# Reformed Nominalistic Eucharist?



## RamistThomist (Jul 30, 2013)

I am currently working on an essay responding to an Anglo-Catholic who charges the Reformed tradition with nominalism, particularly on the Eucharist. I have it pretty much under control, but what are some good resources that specifically address the Reformed nominalist charge (I have Horton and Muller)?


----------



## Backwoods Presbyterian (Jul 30, 2013)

There is some talk about it in Keith Mathison's _Given For You_.


----------



## RamistThomist (Jul 30, 2013)

I can answer the standard nominalist charges about Calvin and the Reformation. Anyone who has read more than five minutes of Richard Muller knows how to deal with those claims. This gentleman is more perceptive than most and offers a different spin. He argues that Calvin's gutting worship of its "visible" participation elements corresponds to the rising nominalism of late medieval thought. E.g., Calvin Not the greatest argument in the world, but it is different from the standard convertskii attacks on Calvin.


----------



## Semper Fidelis (Jul 30, 2013)

Why do you find the latter argument "more perceptive"? That argument would be more of an RPW argument than having to argue that the Reformed understanding of the Sacraments is not Nominalistic.
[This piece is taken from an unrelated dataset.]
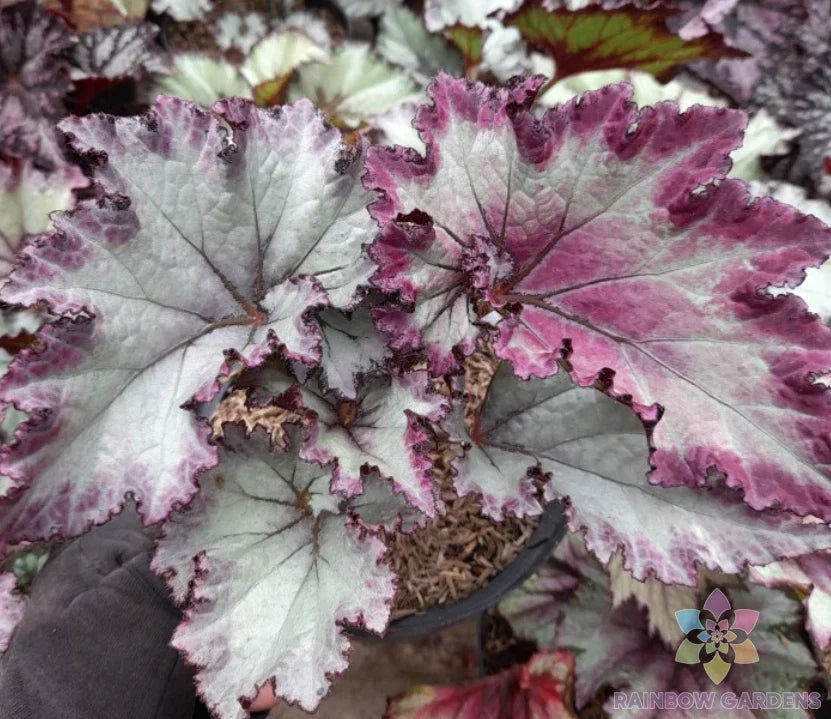 Satin Jazz Begonia Seeds - 25+ Premium Perennial Seeds for Indoor & Outdoor Planting - Begonia 'Satin Jazz'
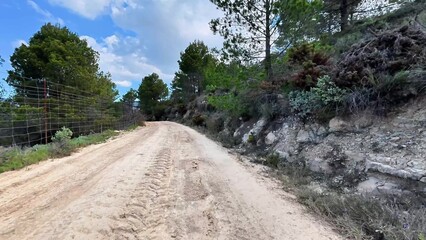 Enjoy a peaceful walk on a dirt road lined with majestic trees, perfect for outdoor adventures and exploration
In other words, let's assume for a moment that the Reformers are correct about the nature of God's worship. If something is included in worship that God has not commanded then it doesn't matter what perceived "value" it has if it is idolatrous. Its exclusion from proper worship owes nothing more than the belief that it is idolatry to practice it.

As an example, according to this fellow's argument, when Hezekiah destroyed the bronze serpent it somehow demonstrated a "rising nominalism". Such an argument is absurd. The elements of worship were clearly prescribed by God and so whatever excess "liturgical elements" were destroyed by the King actually focused the people on those elements that were legitimate. If Hezekiah's reforms reduced the "elements" in the worship of his people from hundreds of innovations to a dozen then the only thing it demonstrated was the amount of idolatry that existed at the time of his reform.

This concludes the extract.